SpaceX baru saja melepas rekor sejarah dalam peluncuran roket pendorong yang dapat digunakan kembali. Musk memperkirakan bahwa teknologi itu dapat memangkas biaya peluncuran higga seratus kali lipat. Dalam hal ini, SpaceX mendapat keunggulan pada kompetisi bisnis peluncuran satelit dan pengiriman pasokan ke Stasiun Luar Angkasa Internasional.
Namun bukan itu yang jadi perhatian Musk. Baginya, pada sebuah telekonferensi, pendaratan pertama roket pendorong Falcon 9 ialah langkah penting untuk bisa membangun kota di Mars. Ya, ia tidak hanya ingin mendarat di sana — seperti Apollo mendarat di bulan. Musk ingin membangun peradaban baru.
Baca Juga: Riset: 65% Sampah Laut di Pantai Imbas dari Sektor Pariwisata
Karyawan SpaceX di Hawthorne sering kali mengenakan kaus bertuliskan "Occupy Mars". Gambar kembar Mars pun tergantung di dinding, tak jauh dari meja Musk. Satu menunjukkan planet merah yang kering dan satunya menunjukkan Mars berwarna biru dengan laut dan sungai yang "dibentuk ulang" oleh para insinyur.

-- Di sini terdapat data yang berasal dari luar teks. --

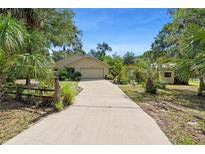 Charming single-story home with lush tropical landscaping and a long driveway at 5635 Burts Park Rd, De Leon Springs, FL 32130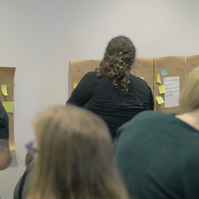 A group of people reading, writing, and placing sticky notes on the wall. 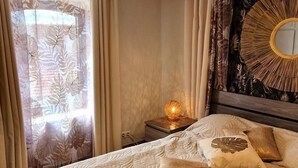 Un letto rifatto con una coperta a motivi, una lampada da comodino e un muro con uno specchio decorativo.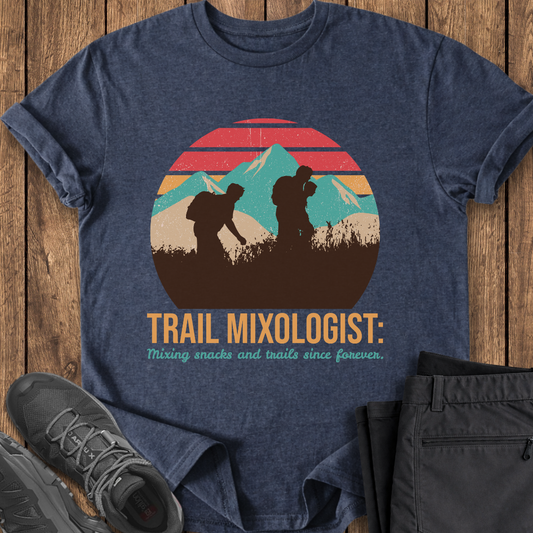 Blue t-shirt with 'Trail Mixologist' graphic on a wooden surface with shoes and shorts. funny hiking mountain t shirt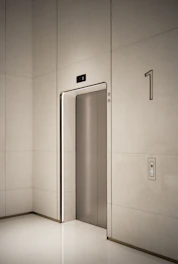 a white room with a silver door and a white wall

SpaceX yang didirikan sejak 2002 ini belum meluncurkan satu antariksawan pun ke luar angkasa. Mereka berharap pada 2022 mendatang bisa membawa antariksawan NASA ke Stasiun Luar Angkasa Internasional dengan Falcon 9.
Sedangkan pada pengumuman Musk pada Juni lalu, SpaceX bertujuan untuk mengirim antariksawan pertamanya ke Mars pada 2024 dan kembali pada 2025.

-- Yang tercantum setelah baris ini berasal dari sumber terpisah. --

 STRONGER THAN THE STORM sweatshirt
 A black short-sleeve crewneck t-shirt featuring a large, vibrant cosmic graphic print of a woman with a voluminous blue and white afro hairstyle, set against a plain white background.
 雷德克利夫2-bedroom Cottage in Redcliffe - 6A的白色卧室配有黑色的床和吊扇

“Bagi mereka itu akan menjadi sebuah ketenaran,” kata Musk di laman National Geographic. “Namun dalam konteks sejarah yang lebih besar, yang paling penting adalah dapat mengirim banyak orang, seperti puluhan ribu jika tidak ratusan ribu orang, dan pada akhirnya jutaan ton kargo.” Itulah mengapa menurut Musk, roket yang dapat digunakan kembali sangat penting.
Musk mengungkapkan beberapa detail lebih lanjut dari rencana Mars-nya dalam sebuah pidato pada akhir September lalu. Tepat beberapa minggu setelah roket SpaceX meledak di landasan peluncuran. Tetapi ia belum mengindikasikan bahwa SpaceX telah mengembangkan dan menguji teknologi lain yang diperlukan untuk menjaga manusia agar tetap hidup dan sehat di Mars.
NASA juga mempunyai rencana untuk mengirim antariksawan ke Mars namun tidak hingga tahun 2030-an. Menurut mereka mendaratkan pesawat di Mars akan rumit dan berbahaya, sehingga baru bisa dicapai pada dekade berikutnya.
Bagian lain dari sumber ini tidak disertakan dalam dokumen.